Hit 'reply' on the wrong post - SpikyOrange specifically insinuated
curly-brace-free if statements are an abomination. To which I say:
pah!

Ben Schultz: They add clutter. Therefore, the onus is on you and not
on me - you need to prove why they are worth it. It would be silly to
ask me to prove why they are NOT worth it - then what's to stop you
from requiring that I prove why you do not need hungarian notation,
or, heck, commenting every line with a funny, unrelated joke. Note
also that the original poster I was trying to reply to (SpikeyOrange)
made this claim:

> For me it is as confusing and dangerous as when someone
> uses an if statement in Java without curly braces. I mean, c'mon, it's
> only a couple of braces ("it's only a return statement..."), but the
> danger of maintaining that code incorrectly [...]

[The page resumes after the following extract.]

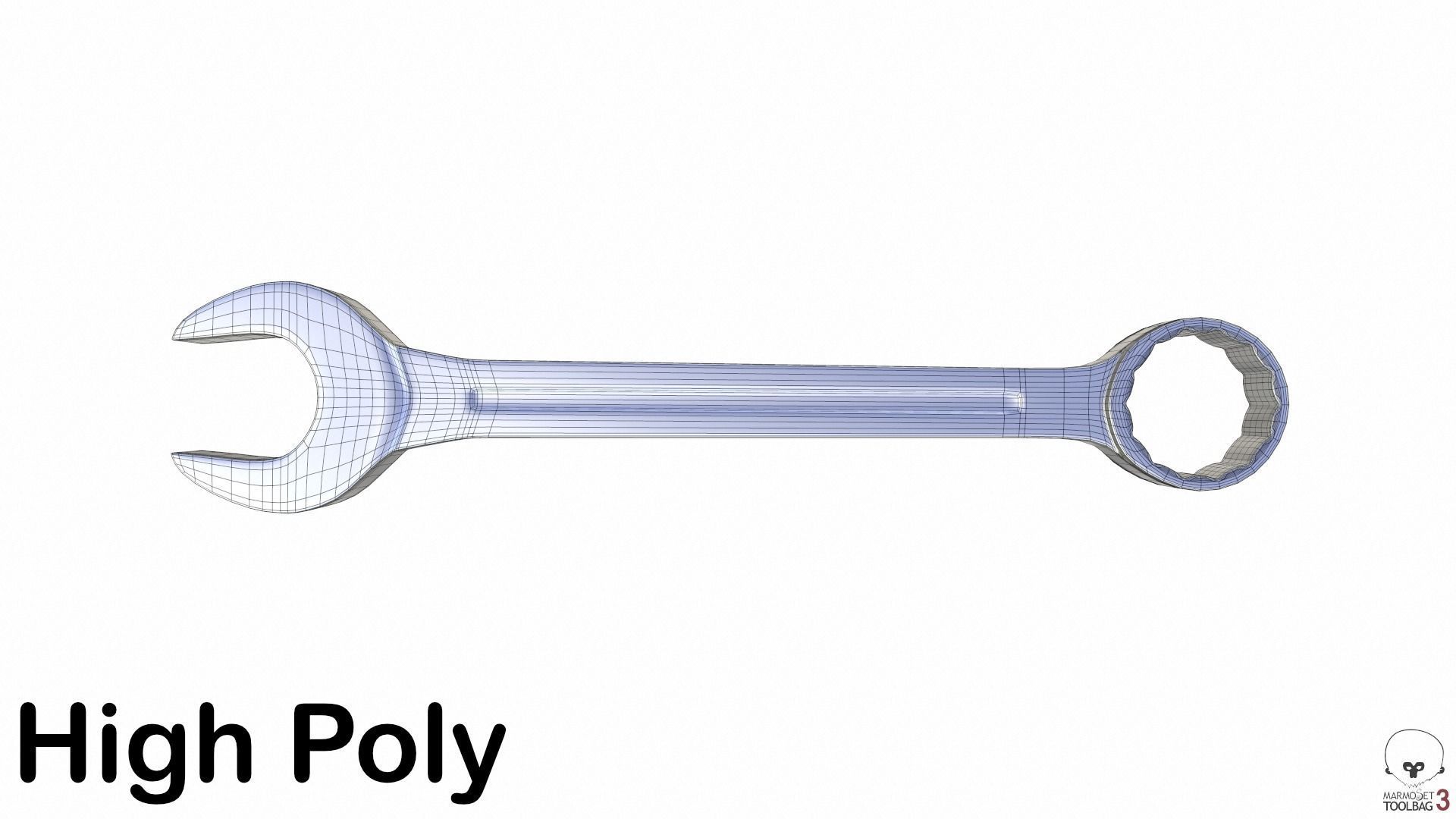 Combination Wrench Low-poly 3D model_16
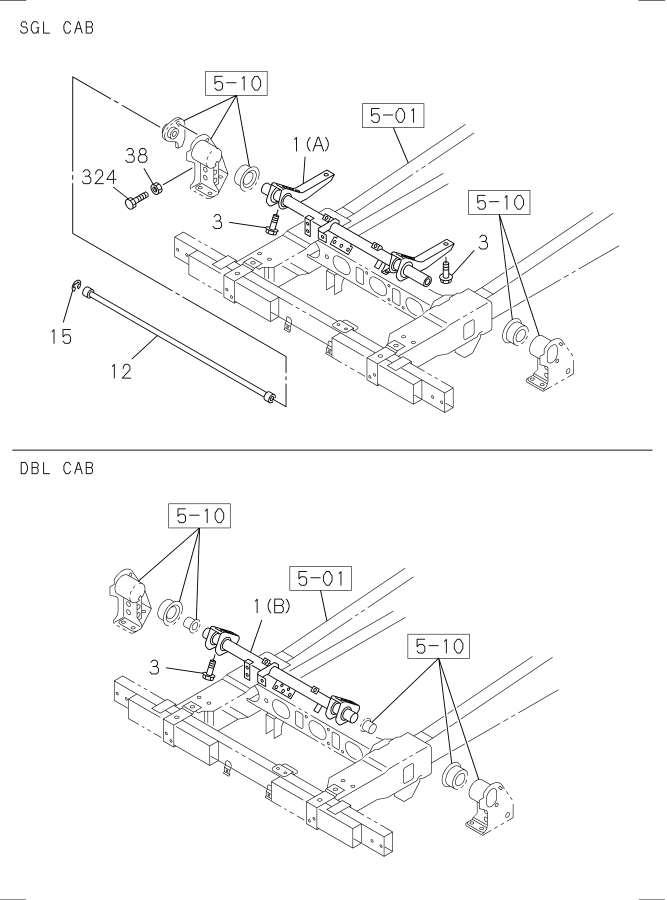 Diagram CAB MOUNTING; CAB SIDE for your 2015 Isuzu NRR DIESEL 4HK1-TCS (RJS) DOUBLE CAB AND SUPERLONG CHASSIS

Who's not leaving whom alone, here?

> [case statements in blocks]

You know, aesthetically, that wins. Unfortunately the auto-formatter
of eclipse bollockses that right up. Also, just because you have your
shiny block there, it doesn't mean your block auto-breaks. Which could
lead to confusion - mentally it LOOKS LIKE a for/if kind of block,
which don't just fall through, so I guess that's why it's technically
a bad idea. As a total sidenote, I never indent my case/default
statements; semantically they 'go with' the switch statement. This is
analogous to not indenting an 'else' relative to the correlated 'if'
statement.

> [coin proposal to do away with requirement to brace try/synchronized]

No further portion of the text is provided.